As we saw in 2016, they struggled at the start and they struggled at the start of last season as well in terms of results and they were always playing catch-up for the last two seasons. It’s very early days but they are already five points ahead of Stoke who are promotion favourites for example – that can only bode well for the future, I think.
Has that created a feeling of relief after the club’s turbulent summer in which they lost to Fulham in the play-off final and their ownership changed hands?
It really was a worrying and depressing summer. For people looking outside into it, they’ve have seen all the drama unfolding and, being even closer to it, I can say that it was as bad as people probably read and saw. The play-off final was disappointing in itself because you don’t go up when you are so close, there is going to be some sort of hangover from that anyway, but the fact that there were so many off-field problems as well just made it all so much worse.

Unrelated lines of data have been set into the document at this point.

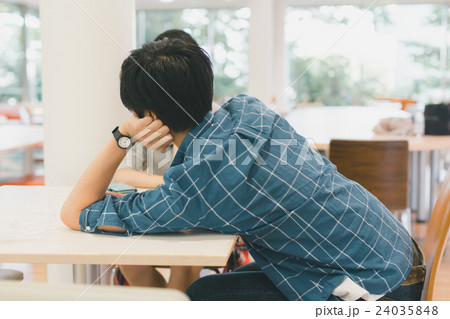 primary school child , university life primary school child , university life 24035848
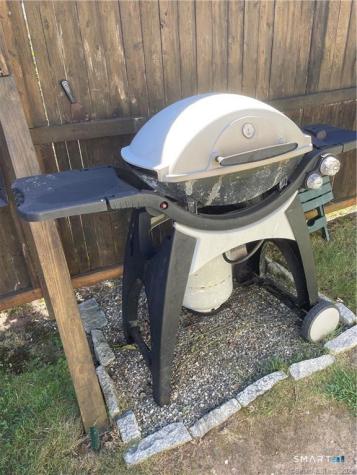 17 Wolcott Avenue Stonington CT 06378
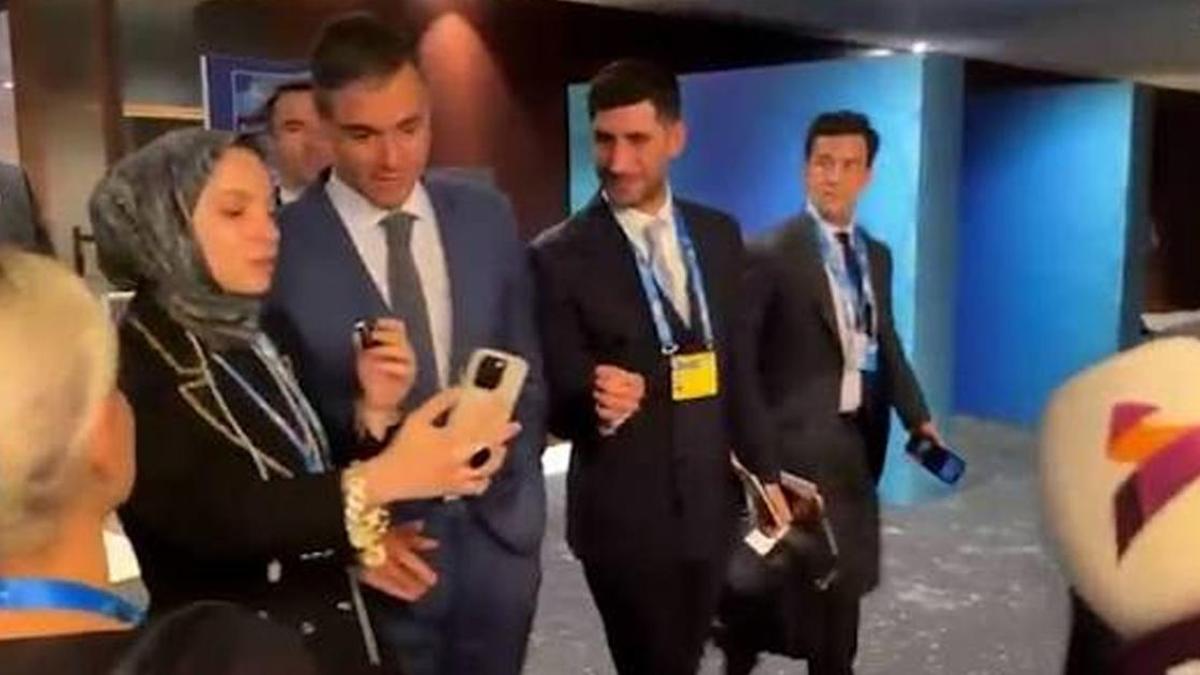 İspanya Başbakanı Pedro Sánchez'in Ankara'dan ayrılırken bir Filistinli gazeteci tarafından teşekkür edildiği an.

The former majority owner Tony Xia had money problems all through last season and not getting back to the Premier League just compounded that. In May they were struggling to pay the tax bill and by June had come round, the manager thought he was going to have to sell his best players like Jack Grealish, Jonathan Kodjia and James Chester simply to pay the wages of the rest of the staff – it really was that bad and they just couldn’t get money into the club. By mid-July it got to the stage where the owner just knew the club was going to go into administration if he didn’t sell a proportion of his shares but luckily they managed to complete the takeover in about five days – Steve Bruce was quoted as saying, “You can’t sell your house in five days!” so to buy a football club in that time is pretty incredible.

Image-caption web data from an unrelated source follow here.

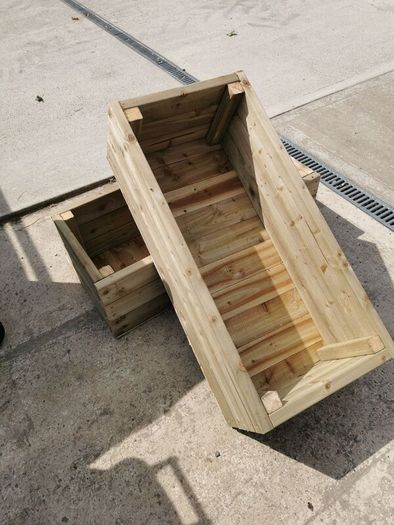 Planter box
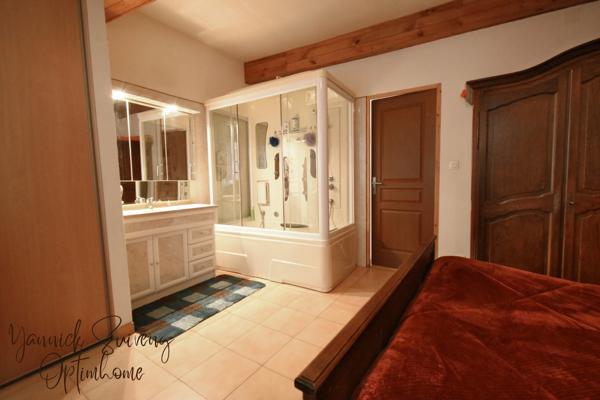 Maison de village 2 faces + terrasse à MONTNER (66)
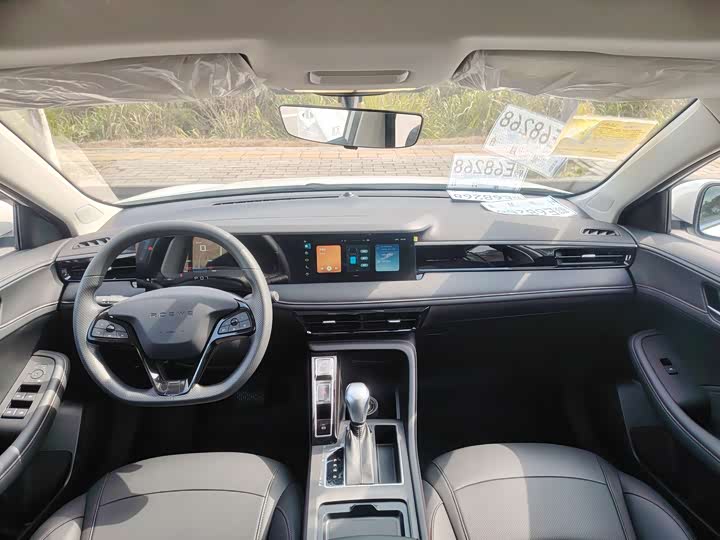 Фото 8 - Roewe i5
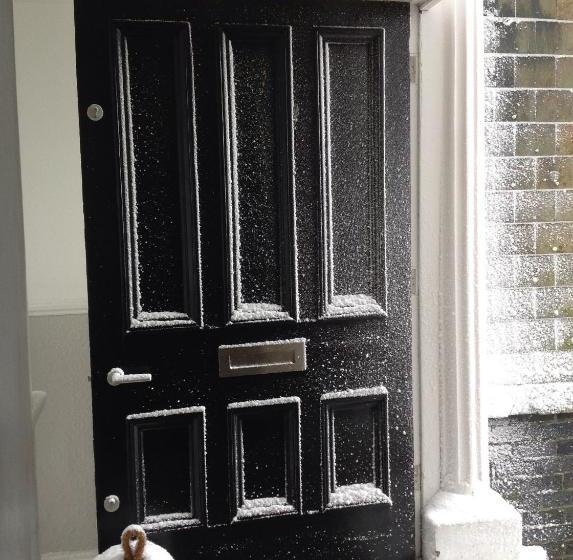 住宿加早餐  27 The Terrace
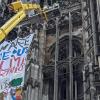 Drei Klimaaktivisten kletterten auf das Ulmer Münster und hängten ein Banner auf. Die Verhaftung musste mit Hilfe eines Krans erfolgen.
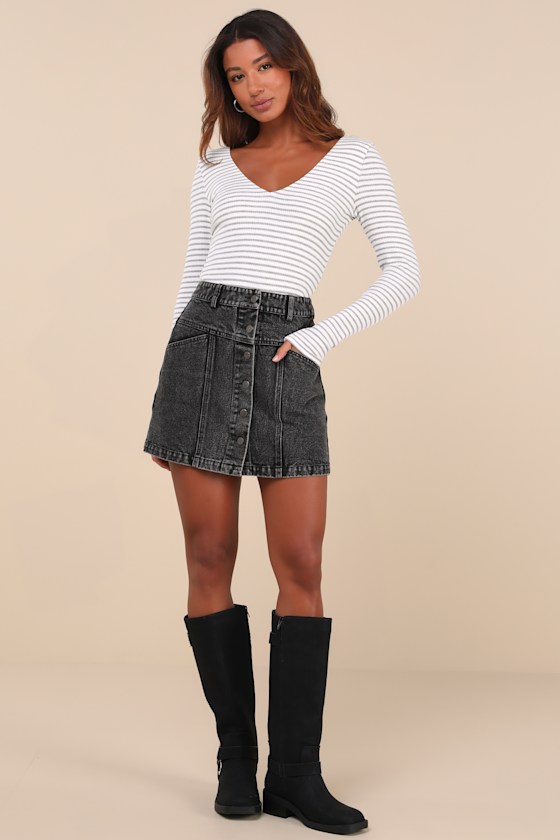 Lulus Easygoing Chic White And Grey Striped Long Sleeve Bodysuit In White And Grey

The new owners have come in with big, bold ideas and clearly have a lot of money so their statement of intent was keeping hold of the key players. If they could have spent money they would have, but the problem is that Villa have got Financial Fair Play restrictions hanging over them. But their statement of intent shows that they are serious about the football club.
The Thierry Henry link seems to be a little bit of a grey area and Steve Bruce was unhappy to hear of the apparent links with the Arsenal legend. Link or not, he must’ve convinced the owners that any potential change would be unwarranted?
To be honest, I think they were quite convinced with him before that because they wanted the experienced head. There was some substance in the Thierry Henry link but the early wins this season will have enhanced his position as manager and I think given him more time.
How crucial was it that they staved on interest from Spurs to hold on top prize asset Jack Grealish in the closing days of the summer transfer window?
That was massive for a number of reasons. Jack Grealish is the Aston Villa poster boy and the player that all the fans love: a Villa fan and the best player. Him remaining at Villa Park immediately gave the fans a lift but it also gave Steve Bruce a lift because it has made him feel a little bit more secure in his job because keeping your best player is only going to enhance your team.
With Grealish in the team, they are going to win more games than without him. It was also good for the long-term future: If Villa are kicking around the promotion places come January then I imagine he’ll think of staying again and trying to help the club that he loves get back into the Premier League. I think they’ll have him for another season and then if they are back in the Premier League and lose him, which I don’t think they will, it is not the end of the world because they’ll be back in the top flight. Positives all round, really.
None of Villa’s strikers have netted as yet this term but who would you say is the most potent danger that Brentford should be wary of on Wednesday evening?
There is a new guy called John McGhinn who signed from Hibernian just before deadline day; we’ve only seen him for one game but the fans have immediately taken to him. He sits slightly deeper behind Grealish in midfield but looks very comfortable on the ball, has a lot of energy and a fierce delivery from what we’ve already seen. Steve Bruce has been tracking him for 12 months now and was desperate to get hold of him. The midfield has been a bit slow and labored in recent years and he’s just going to give them something a little bit different so he might be one to watch out for. He won’t score too many goals but he’ll certainly create a few.
How is Steve Bruce likely to set up his team for the Bees’ visit to the Midlands?
It’s likely to be a 4-4-1-1 formation with the following lineup: Nyland, Hutton, Chester, Tuanzebe, Taylor, Elmohamady, Whelan, McGinn, Green, Grealish, Kodjia.
Can I push you for a score prediction?
Oh it’s Brentford isn’t it - they always beat Villa! I will stick with 1-1 just to be safe because they seem to be Villa’s bogey team.